When it comes to Operation Warp Speed -- the White House's public-private partnership aiming to deliver 300 million doses of a safe vaccine -- Fauci said he "never liked the 'warp speed terminology.'"
"It suggests, incorrectly, that you're rushing things," he told The New Yorker. "Whenever people hear things are being rushed, they worry about safety."
Fauci said the "warp speed" part actually relates to the money the government put into vaccine production.
"If a vaccine doesn't work, you've lost a few hundred million dollars," Fauci said. "If it does work, if it's safe and effective, you've saved four, five, six months of waiting to get people the vaccine. That's huge."
4 more states added to New York, New Jersey, Connecticut quarantine list
Delaware, Maryland, Ohio and West Virginia were added on Tuesday to a quarantine list regulated by New York, New Jersey and Connecticut.
Thirty-five states and territories are currently on the travel advisory list, which applies to any area with a positive test rate higher than 10 per 100,000 residents or 10% or highest positivity rate over a one-week rolling average.
"It remains critically important for anyone arriving to New Jersey from these 35 states and territories to get tested for COVID-19 and self-quarantine for 14 days," New Jersey Gov. Phil Murphy said in a statement Tuesday.
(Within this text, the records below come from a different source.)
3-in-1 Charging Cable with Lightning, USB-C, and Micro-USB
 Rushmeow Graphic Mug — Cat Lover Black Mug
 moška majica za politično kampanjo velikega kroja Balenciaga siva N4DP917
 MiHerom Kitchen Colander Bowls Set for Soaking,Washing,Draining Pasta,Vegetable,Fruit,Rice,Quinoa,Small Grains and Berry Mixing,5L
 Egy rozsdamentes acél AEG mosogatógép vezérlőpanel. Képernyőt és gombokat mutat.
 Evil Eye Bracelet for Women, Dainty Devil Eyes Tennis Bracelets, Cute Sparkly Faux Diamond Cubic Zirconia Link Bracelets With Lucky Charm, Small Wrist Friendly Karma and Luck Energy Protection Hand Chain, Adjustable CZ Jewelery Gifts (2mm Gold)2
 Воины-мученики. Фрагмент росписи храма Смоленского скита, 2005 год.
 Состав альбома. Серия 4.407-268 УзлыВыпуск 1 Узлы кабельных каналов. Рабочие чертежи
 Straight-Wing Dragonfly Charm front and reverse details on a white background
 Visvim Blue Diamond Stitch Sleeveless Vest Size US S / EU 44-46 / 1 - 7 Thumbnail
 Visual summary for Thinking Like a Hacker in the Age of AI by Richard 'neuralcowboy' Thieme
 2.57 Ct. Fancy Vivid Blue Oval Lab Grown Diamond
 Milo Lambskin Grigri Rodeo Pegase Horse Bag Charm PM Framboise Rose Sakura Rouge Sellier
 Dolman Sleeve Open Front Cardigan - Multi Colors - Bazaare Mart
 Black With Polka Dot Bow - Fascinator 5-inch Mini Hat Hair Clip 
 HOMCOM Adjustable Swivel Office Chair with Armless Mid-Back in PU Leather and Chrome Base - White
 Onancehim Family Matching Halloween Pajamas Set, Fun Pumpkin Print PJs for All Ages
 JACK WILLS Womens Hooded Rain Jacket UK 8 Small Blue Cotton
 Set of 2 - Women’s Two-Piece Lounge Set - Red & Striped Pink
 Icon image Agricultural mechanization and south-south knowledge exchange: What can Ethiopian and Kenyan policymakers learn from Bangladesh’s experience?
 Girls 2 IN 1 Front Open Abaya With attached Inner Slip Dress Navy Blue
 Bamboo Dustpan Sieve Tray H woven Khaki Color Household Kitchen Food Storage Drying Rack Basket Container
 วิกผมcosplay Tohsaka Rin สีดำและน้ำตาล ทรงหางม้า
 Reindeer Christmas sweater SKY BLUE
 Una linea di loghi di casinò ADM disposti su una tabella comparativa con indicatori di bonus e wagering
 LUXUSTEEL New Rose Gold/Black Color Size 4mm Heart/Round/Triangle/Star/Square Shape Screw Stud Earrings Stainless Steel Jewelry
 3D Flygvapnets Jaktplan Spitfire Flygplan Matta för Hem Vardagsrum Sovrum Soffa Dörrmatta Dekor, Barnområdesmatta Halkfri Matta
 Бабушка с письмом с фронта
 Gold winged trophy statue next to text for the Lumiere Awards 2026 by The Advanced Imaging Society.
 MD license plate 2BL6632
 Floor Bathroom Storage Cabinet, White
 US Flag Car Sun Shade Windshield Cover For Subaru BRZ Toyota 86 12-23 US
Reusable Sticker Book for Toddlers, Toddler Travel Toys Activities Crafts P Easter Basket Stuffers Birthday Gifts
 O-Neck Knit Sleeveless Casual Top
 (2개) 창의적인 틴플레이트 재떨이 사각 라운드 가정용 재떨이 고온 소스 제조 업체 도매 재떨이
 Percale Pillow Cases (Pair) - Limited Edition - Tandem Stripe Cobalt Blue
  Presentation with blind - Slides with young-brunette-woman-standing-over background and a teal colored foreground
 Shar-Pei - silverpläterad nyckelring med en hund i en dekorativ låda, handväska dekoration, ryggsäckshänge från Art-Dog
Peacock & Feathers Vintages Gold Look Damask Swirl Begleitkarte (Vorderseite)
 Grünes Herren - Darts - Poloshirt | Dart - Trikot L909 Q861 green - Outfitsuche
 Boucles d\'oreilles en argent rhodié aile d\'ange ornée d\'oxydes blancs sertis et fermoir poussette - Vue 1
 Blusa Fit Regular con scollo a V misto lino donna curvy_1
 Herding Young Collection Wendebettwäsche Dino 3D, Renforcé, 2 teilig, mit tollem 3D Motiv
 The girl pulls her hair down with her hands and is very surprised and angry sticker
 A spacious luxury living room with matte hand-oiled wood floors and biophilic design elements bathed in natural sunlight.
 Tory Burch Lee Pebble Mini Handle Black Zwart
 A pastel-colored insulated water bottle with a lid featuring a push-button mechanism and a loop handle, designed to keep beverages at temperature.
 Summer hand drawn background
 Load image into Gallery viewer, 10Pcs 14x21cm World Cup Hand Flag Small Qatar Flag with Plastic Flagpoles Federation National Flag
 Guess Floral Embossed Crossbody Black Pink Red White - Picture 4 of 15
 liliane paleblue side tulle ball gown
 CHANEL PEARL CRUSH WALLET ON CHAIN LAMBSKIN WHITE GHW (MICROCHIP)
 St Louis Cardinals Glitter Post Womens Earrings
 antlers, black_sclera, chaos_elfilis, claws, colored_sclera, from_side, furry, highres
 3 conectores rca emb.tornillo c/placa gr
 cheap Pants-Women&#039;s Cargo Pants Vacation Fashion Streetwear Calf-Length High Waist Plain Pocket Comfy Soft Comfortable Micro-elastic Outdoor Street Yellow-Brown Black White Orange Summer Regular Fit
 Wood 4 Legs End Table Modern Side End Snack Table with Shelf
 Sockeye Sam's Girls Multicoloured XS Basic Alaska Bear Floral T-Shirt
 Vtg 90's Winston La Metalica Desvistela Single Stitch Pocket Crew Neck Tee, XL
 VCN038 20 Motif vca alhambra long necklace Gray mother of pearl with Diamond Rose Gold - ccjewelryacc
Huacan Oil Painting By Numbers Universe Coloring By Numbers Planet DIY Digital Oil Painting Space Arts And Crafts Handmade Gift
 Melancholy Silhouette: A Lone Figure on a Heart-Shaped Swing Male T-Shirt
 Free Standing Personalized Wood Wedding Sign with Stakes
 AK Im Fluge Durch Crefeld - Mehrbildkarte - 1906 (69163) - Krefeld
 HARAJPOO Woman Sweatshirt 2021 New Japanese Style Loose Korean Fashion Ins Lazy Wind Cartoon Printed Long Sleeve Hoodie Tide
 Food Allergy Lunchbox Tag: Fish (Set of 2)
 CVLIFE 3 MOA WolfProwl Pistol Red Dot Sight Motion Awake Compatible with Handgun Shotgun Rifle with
States and territories that currently qualify for the list are: Alabama, Alaska, Arkansas, California, Delaware, Florida, Georgia, Guam, Hawaii, Iowa, Idaho, Indiana, Illinois, Kansas, Kentucky, Louisiana, Maryland, Minnesota, Missouri, Mississippi, Montana, North Carolina, North Dakota, Nebraska, Nevada, Ohio, Oklahoma, South Carolina, South Dakota, Tennessee, Texas, Utah, Virginia, Wisconsin and West Virginia.